Last week, U.S. District Judge Stephen Larson issued what may be the first legal opinion ever to interest America's 8-year-old girls. He ordered a halt to all sales of Bratz dolls.
Come February, the popular toys will be pulled off store shelves, effectively killing the Bratz franchise. It's one of the most far-reaching intellectual-property decisions since Polaroid's 1985 victory over Eastman-Kodak, which forced Kodak out of the instant-camera business for good.
But let's start at the beginning — with Barbie. America's favorite fashion doll was born in 1959 and has been a mainstay for toy giant Mattel for half a century, despite many competitors.
In 2001, a company called MGA Entertainment launched a line of dolls called Bratz. They were sexed-up little numbers. Marketed to preteen girls, they often sported bare midriffs or fishnet stockings. In 2007, the American Psychological Association worried that Bratz were highly "sexualized."

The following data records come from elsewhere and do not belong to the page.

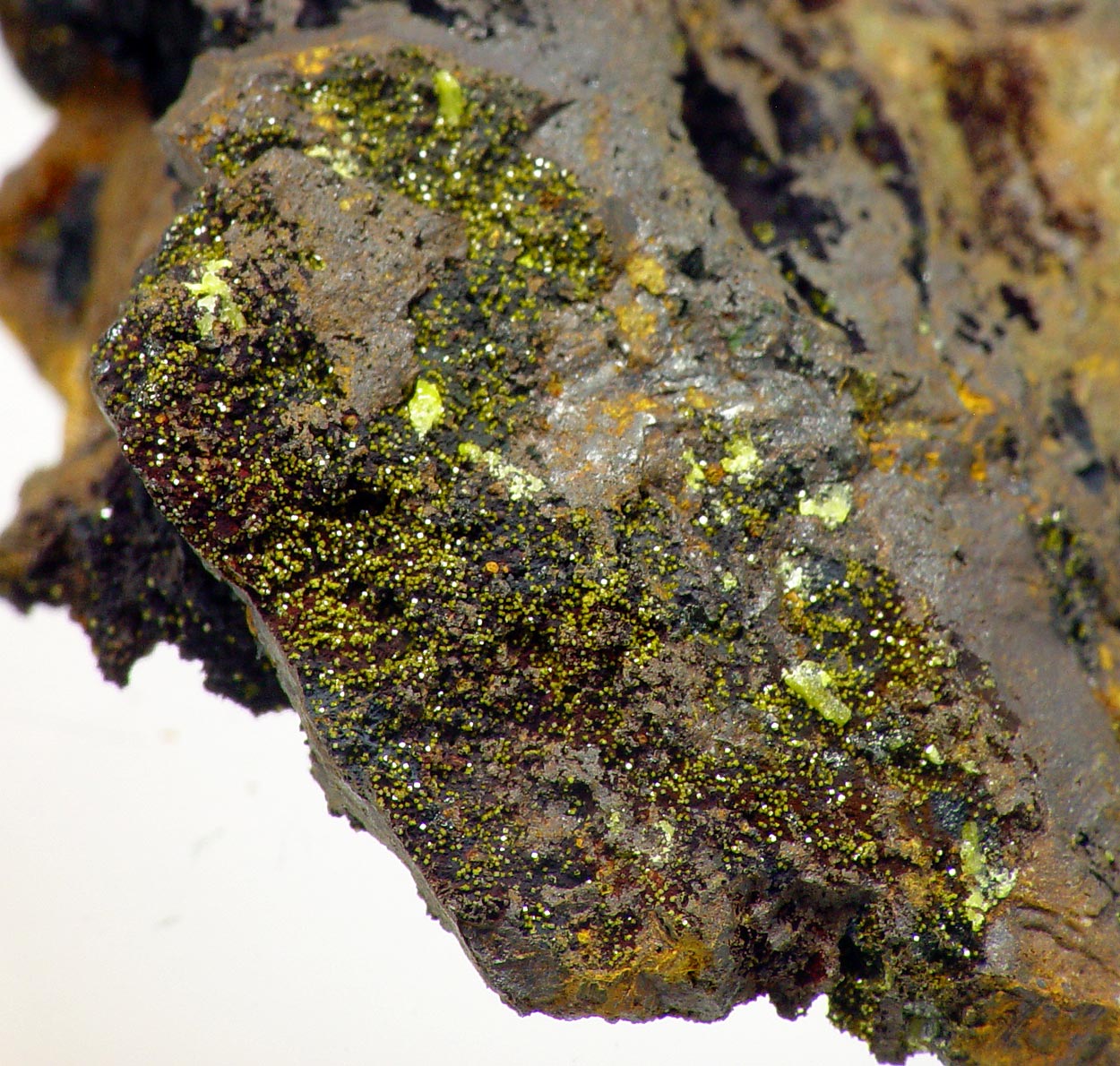 Kintoreite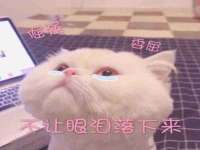 义乌市晚亭电子商务商行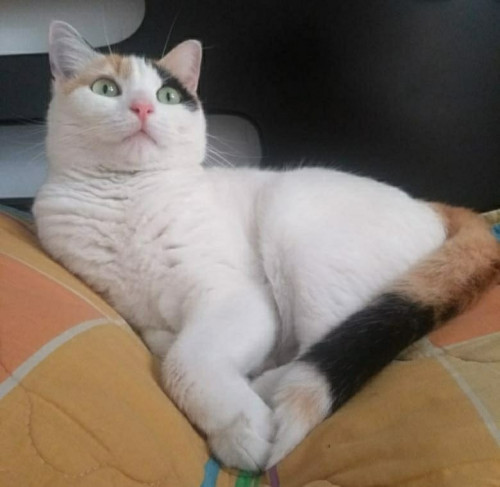 Chori (dunna)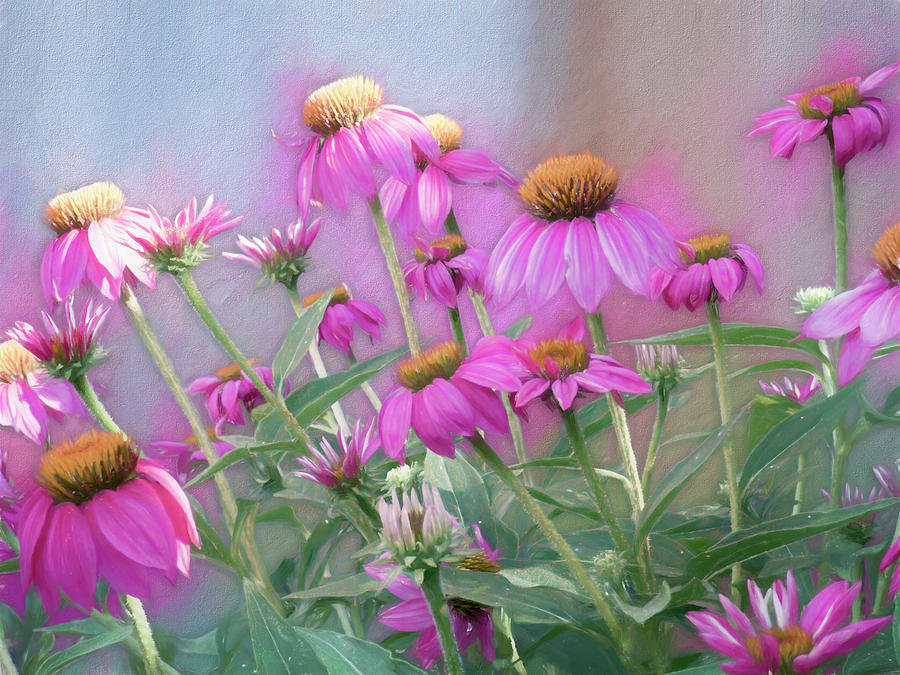 Brilliant Wild Berry Cone Flower Photograph by Leslie Montgomery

In spite of this — or perhaps because of it — Bratz became big sellers. The fashion-doll market is roughly $2 billion a year, of which Barbie claims the lion's share. But Bratz made quick inroads.
By 2005, sales of Bratz dolls had reached $750 million. With the success of the toys came a host of ancillary products: lunch boxes, greeting cards, music albums, a TV series, a movie. Meanwhile, sales of Barbie plummeted as Bratz gobbled up market share.
But Barbie and Mattel had an ace in the hole: Bratz dolls were created by a man named Carter Bryant, who had previously worked for Mattel.
In 2004, Mattel filed suit against MGA, alleging that Bryant had created Bratz while he was still under contract with Mattel. Because of this, Mattel contended that it was the rightful owner of the entire Bratz empire. It sought $2 billion in damages.
After four years of wrangling and more than $110 million in legal fees, the case finally went to trial this year. The jury found mostly for Mattel, awarding the company $100 million (only a fraction of what it sought). But the jury was not clear on whether all the Bratz dolls — there are about 40 of them now — constituted copyright infringements, or just the original four models.
So it fell to Judge Larson to examine the dolls, case by case. (Larson, who presides in Riverside, Calif., has become something of a specialist on intellectual property and fictional characters. This year, he wrote a decision restoring the property rights to Superman to the heirs of co-creator Jerry Siegel.)
At the conclusion of his survey, Larson decided that all of the Bratz dolls were derivative of the work Bryant had done while under contract with Mattel. He issued an order declaring that, as of Feb. 11, all Bratz dolls must be removed from store shelves; the remaining supply of the dolls must be turned over to Mattel; and MGA must destroy the plates, molds and matrices used to manufacture the dolls.
And just like that, Barbie's primary competitor will vanish.
It may not come to that, of course. MGA is appealing Larson's decision, and it's possible that the two companies could come to an arrangement.
MGA could be allowed to continue making Bratz dolls, as long as it pays royalties to Mattel. Or Mattel could relaunch Bratz under its own aegis.
For now, though, Larson's destruction of Bratz stands as a twofold public good. First, the aggressive defense of intellectual property is one of the cornerstones of innovation. And second, the tarted-up Bratz really do look like streetwalkers.
It couldn't have happened to a nicer doll.